Thank you for your help.
Hi Lois, ask one of these Master Food Preserver groups for help with that.
I want to can some green tomatoes this year. I want to can them so that I can fry them when I am craving fried green tomatoes in the middle of the winter! A good friend of my grandmother use to can them this way, and I loved them! But she passed away before I could obtain her recipe! Any ideas? Craving them now!
I have not heard of any per se from any reputable sources for plain tomato (unless you are talking perhaps about pickled slices.) There is one though that I wonder about : ( Whole or Halved Tomatoes (packed raw without added liquid) https://nchfp.uga.edu/how/can_03/tomato_without_liquid.html . Write to the NCHFP ( https://nchfp.uga.edu/contact_more_info.html ) and ask them if that would give you slices firm enough to fry up (I suspect not) or if they can think of any other tested options. If you are on Facebook, you could also try asking Ball or Bernardin via their Facebook pages. Cheers.
There is a recipe that I have for canning slices of green tomatoes that you can fry in the winter. I use PINT wide mouth jars for these so make sure your tomato slices will fit. I wash the green tomato, cut the stem out and slice the tomato in 1/4 inch slices. Fill the jars with the slices, add 2 tsp. of canning salt, 1 tbsp. lemon juice, and then fill the jar with room temperature water and leave at least a 1/4 inch of head space. Use a knife and run around the inside of the jar, between jar and slices, to remove any air bubbles. Wipe the rims of the jars well until it is dry. Place the lids on the jar, put the ring on and lightly twist to tighten. Don’t make them too tight, just turn until you feel resistance. Place the jars into a warm water canning bath with water covering the jars by 1inch. Bring canning bath to boil and turn down to slow boil. Process for 40 minutes! Remove jars and place on counter to cool, at which time the jars will seal as they cool. Leave ample space around the cooling jars for air to circulate. Don’t move the jars, just leave them there for a few hours or so. If they do not seal, you can repeat the process with a new clean lid and process again or just put in fridge to use within a few days or so. They should seal if the rims are clean and you have processed correctly. FYI…make sure you sterilize your jars before you fill them and don’t forget to boil the lids until you are ready to use them.

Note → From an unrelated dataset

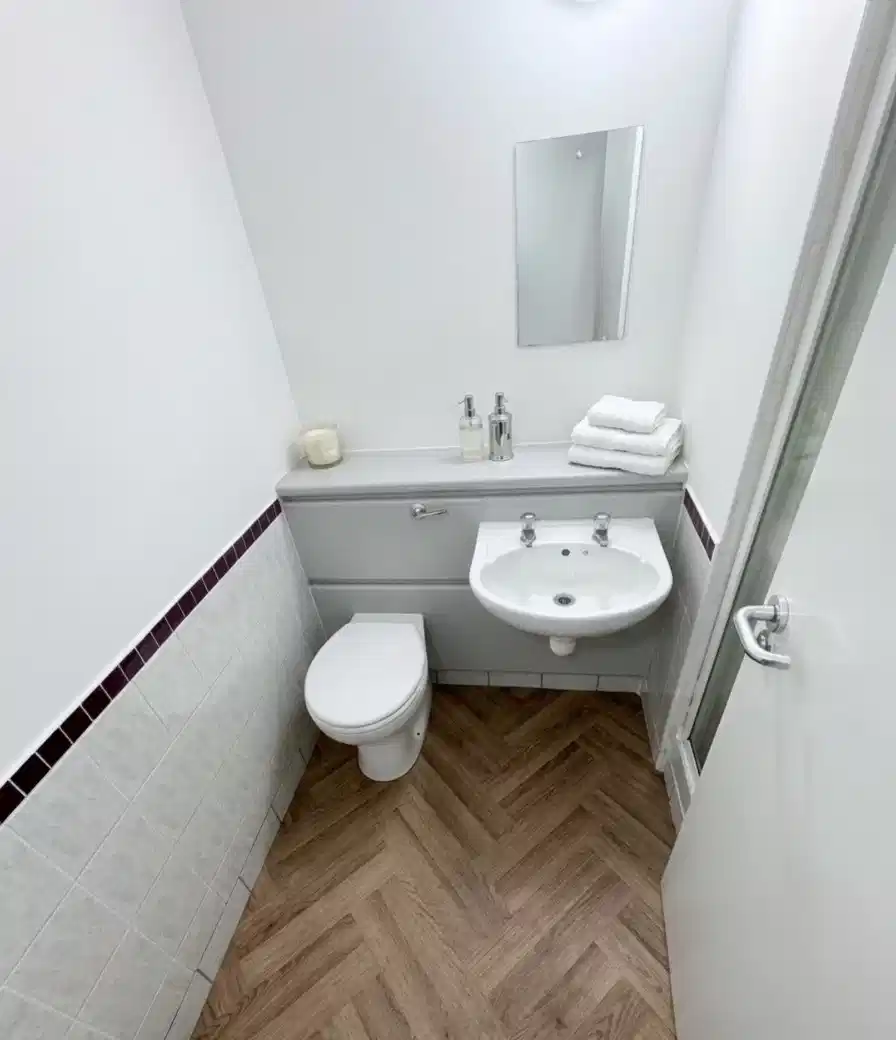 Room in a 4 Bedroom Apartment, Apartment 71, North Quay Place, Pope's Quay Street, Cork, T23 Y0FD - Cork, Ireland - Bathroom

Good luck and happy winter eating!
Hi Cheryl, that is interesting, do the slices come out firmly enough for frying?
Also just want to confirm that Cheryl’s directions do conform with USDA directions for canning whole or halved tomatoes (https://nchfp.uga.edu/how/can_03/tomato_water_pack.html ), though they might not like the pack type of slices re heat flow inside the jar. You could email the NCHFP to ask.
BTW, no need to sterilize jars anymore if processing time is greater than 10 minutes (since 1988) and Ball says don’t boil the lids anymore (since 1969.) https://www.healthycanning.com/whats-new-home-canning/
Is this for pints of quarts?
Cheryl Craig do you peel the green tomatoes before slicing?